__EXERCISE REQUIREMENTS__:
Set the data below down again, exactly, with every picture left out.

__GIVEN INFORMATION__:
· · · ·
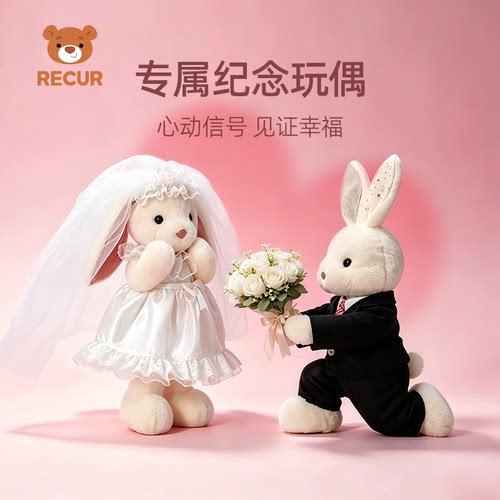 RECUR悦酷小兔子婚纱套装娃娃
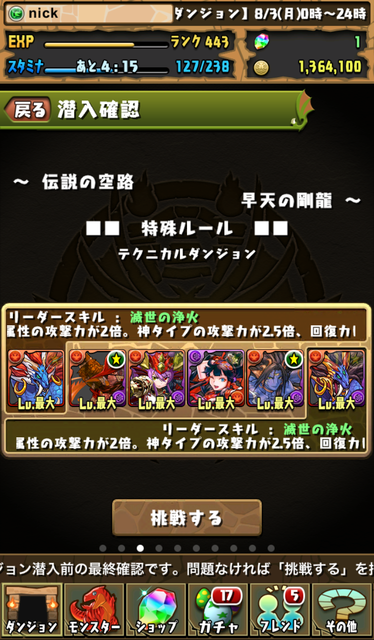 最終回 シヴァ ドラゴンを進化させる為に Nickのパズドラ無課金攻略日記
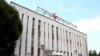 Удмуртия телевидениесе бинасы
· · · ·
__RESPONSE AREA__:
 RECUR悦酷小兔子婚纱套装娃娃
 最終回 シヴァ ドラゴンを進化させる為に Nickのパズドラ無課金攻略日記
 Удмуртия телевидениесе бинасы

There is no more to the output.